# Importing and Processing Bee Data into Pandas DataFrames and CSV Files

Bee-related data is sourced from The United States Department of Agriculture, National Agricultural Statistics Service. Accessed through [data world]('https://data.world/finley/bee-colony-statistical-data-from-1987-2017').
The data is imported and aggregated using the 'Period' column, to result in a Value column for the number of bee colonies, for each calendar year, from 1987 to 2017. 

Columns removed include:

- Week Ending: all data in this column is NaN
- State ANSI: a numeric code to identify states
- Watershed: all data in this column is NaN
- Data Item: Descriptor of the origin of the value
- CV (%)

The resulting data frame has 3 columns: Year, State, and Value (number of bee colonies).
The cleaned data is stored as 'state_survey_processed.csv'

---
*citations:* [aggregating columns]('https://stackoverflow.com/questions/49783178/keep-other-columns-when-using-sum-with-groupby')

In [1]:
# imports
import pandas as pd
import os

### Creating a directory using os library to store processed data frames

*citation:* [Using `os` to make directories]('https://www.w3schools.com/python/ref_os_makedirs.asp')

In [2]:
directory = '../Project_4/Data_Bees/processed_dfs/'
os.makedirs(directory, exist_ok = True)

---
## Importing and Preparing 'Bee Colony Survey Data by State'


In [None]:
# reading in csv to a pandas data frame
df_3 = pd.read_csv('./Data_Bees/raw_bee_data/Bee Colony Survey Data by State.csv')

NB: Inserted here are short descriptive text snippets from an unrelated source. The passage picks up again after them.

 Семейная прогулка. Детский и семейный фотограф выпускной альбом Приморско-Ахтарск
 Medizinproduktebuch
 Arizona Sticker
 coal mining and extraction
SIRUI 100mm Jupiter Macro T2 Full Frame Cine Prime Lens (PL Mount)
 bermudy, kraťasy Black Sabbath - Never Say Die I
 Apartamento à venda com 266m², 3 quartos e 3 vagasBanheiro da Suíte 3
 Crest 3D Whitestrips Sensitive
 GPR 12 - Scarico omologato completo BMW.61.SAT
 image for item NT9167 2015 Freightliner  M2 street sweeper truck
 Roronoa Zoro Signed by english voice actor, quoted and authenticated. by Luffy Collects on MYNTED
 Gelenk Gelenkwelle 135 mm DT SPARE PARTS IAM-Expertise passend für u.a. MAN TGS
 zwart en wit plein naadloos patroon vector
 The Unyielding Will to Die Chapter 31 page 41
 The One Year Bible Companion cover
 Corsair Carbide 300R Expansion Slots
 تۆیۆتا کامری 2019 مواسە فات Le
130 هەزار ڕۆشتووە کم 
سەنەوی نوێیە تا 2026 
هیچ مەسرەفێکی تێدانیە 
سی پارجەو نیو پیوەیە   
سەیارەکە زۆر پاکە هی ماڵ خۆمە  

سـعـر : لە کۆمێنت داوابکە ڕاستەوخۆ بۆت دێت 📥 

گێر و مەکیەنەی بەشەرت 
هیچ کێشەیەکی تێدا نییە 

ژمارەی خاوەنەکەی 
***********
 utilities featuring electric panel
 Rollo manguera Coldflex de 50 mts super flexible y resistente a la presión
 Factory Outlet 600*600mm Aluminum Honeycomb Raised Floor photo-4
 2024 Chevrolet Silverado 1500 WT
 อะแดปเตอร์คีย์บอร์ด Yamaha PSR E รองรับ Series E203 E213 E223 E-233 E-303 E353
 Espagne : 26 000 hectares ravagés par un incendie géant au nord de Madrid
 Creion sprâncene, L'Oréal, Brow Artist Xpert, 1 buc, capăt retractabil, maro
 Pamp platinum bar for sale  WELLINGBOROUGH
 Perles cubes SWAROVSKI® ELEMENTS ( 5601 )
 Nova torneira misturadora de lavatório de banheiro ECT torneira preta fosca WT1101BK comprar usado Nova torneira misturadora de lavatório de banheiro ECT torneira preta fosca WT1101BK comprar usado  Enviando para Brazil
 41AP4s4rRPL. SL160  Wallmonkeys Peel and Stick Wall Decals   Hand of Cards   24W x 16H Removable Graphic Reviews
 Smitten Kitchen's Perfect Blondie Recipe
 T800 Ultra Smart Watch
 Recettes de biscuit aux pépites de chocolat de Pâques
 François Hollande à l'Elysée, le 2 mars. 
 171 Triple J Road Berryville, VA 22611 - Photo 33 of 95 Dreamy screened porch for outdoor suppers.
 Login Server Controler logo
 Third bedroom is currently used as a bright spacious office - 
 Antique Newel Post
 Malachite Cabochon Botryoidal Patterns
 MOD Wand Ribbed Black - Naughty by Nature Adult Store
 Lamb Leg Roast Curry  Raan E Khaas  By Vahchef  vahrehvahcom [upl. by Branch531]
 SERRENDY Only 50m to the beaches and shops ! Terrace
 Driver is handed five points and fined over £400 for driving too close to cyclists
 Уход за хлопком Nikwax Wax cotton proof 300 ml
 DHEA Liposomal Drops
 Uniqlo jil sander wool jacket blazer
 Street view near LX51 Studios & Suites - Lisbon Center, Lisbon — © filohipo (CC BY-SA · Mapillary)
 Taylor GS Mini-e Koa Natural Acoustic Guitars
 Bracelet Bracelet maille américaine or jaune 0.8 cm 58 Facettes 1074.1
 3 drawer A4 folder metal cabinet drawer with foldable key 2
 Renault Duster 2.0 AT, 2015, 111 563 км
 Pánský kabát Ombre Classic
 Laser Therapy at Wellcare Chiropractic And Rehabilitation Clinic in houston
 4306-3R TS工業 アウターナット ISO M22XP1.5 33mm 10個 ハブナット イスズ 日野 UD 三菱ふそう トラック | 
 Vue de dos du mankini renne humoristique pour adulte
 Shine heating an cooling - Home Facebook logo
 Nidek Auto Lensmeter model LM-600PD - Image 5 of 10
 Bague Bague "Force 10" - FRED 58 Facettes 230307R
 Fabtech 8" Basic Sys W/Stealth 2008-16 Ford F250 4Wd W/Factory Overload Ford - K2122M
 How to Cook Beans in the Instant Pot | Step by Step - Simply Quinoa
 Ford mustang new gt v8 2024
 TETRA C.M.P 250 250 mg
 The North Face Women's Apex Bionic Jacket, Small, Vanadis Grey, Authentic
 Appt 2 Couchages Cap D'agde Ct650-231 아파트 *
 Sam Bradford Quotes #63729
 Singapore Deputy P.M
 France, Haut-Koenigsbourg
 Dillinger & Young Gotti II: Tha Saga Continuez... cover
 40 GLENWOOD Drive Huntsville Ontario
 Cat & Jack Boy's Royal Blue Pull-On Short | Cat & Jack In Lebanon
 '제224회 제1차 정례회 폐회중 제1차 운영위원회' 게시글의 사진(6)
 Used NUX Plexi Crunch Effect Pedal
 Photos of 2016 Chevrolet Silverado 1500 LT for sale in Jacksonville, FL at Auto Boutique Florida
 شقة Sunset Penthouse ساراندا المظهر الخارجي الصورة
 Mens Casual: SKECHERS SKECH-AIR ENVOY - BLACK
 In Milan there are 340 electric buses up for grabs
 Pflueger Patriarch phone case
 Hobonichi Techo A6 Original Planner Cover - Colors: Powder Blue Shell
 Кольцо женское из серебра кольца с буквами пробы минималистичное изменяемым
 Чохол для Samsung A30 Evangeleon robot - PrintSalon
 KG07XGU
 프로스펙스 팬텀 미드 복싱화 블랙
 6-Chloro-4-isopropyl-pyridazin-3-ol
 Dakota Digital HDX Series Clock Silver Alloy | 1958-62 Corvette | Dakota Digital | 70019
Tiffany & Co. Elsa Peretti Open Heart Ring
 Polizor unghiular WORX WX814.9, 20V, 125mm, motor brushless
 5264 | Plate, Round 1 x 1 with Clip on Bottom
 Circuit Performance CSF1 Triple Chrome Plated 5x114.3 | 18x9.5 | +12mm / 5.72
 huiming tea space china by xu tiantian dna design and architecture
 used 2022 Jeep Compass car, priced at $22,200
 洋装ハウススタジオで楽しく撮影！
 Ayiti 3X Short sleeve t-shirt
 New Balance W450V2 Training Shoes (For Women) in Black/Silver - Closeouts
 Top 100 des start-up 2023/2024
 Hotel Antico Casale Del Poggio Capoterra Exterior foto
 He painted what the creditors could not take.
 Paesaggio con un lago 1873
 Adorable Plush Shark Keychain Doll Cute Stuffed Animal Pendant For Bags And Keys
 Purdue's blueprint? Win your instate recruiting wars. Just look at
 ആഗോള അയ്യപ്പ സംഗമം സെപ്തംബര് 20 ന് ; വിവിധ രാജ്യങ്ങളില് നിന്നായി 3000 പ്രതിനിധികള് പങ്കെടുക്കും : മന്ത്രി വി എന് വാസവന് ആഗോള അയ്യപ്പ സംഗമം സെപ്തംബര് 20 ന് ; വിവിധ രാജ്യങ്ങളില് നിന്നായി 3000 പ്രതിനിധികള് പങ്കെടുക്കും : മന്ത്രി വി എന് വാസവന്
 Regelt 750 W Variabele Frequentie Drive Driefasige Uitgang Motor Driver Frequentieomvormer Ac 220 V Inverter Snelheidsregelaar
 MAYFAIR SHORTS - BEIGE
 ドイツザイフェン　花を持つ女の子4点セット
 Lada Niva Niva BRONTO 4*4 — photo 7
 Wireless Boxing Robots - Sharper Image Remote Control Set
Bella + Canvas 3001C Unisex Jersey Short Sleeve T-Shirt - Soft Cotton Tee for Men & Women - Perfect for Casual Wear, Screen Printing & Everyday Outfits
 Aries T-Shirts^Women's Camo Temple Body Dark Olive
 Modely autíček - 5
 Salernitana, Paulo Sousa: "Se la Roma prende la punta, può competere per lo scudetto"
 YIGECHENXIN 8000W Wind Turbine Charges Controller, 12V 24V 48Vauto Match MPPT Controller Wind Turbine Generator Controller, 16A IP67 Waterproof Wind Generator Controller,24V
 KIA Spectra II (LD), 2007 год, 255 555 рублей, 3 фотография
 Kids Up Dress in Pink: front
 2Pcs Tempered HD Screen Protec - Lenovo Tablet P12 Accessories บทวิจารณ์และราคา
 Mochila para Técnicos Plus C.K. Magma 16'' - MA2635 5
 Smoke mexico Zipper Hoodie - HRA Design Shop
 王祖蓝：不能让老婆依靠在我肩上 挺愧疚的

# dropping columns that won't be used 
df_3.drop(columns = ['CV (%)', 'Watershed', 'Week Ending', 'State ANSI'], inplace = True)

# Editing the 'Value' column from  dtype object to dtype int. 
# Removing comas from values.
df_3['Value'] = df_3['Value'].str.replace(',', '').astype(int)


# The periods of months in the 'Period' column are combined into calendar years.
# First: deconstruct the 'Period' string, into a start and end date, that can be used by .to_datetime()

def convert_period_to_dates(entry):
    year = entry['Year'] # --> using entry['column'], will make the function go through the rows
    period = entry['Period']

    if 'THRU' in period:
        start_mo, end_mo = period.split('THRU')
        start_date = f'{start_mo} {year}'
        end_date = f'{end_mo} {year}'  
    else:
        start_date = period + f'{year}'
        end_date = period + f'{year}'
        
    return pd.Series([start_date, end_date]) 

# Next, replace 'Period' with two new columns for start_date and end_date.  
# Apply the function to data frame
df_3[['date_start', 'date_end']] = df_3.apply(convert_period_to_dates, axis = 1)
df_3 = df_3.drop(columns = ['Period'])

# Finally, group the DataFrame by 'Year', 'State', and 'Data Item', then sum the 'Value' column
df_3 = df_3.groupby(['Year', 'State', 'Data Item'])['Value'].sum().reset_index()

# Make states lower case
df_3['State'] = df_3['State'].str.lower()


# Drop the column 'Data Item'
df_3.drop(columns = ['Data Item'], inplace = True)


# saving to .csv
df_3.to_csv(directory + 'state_survey_processed.csv')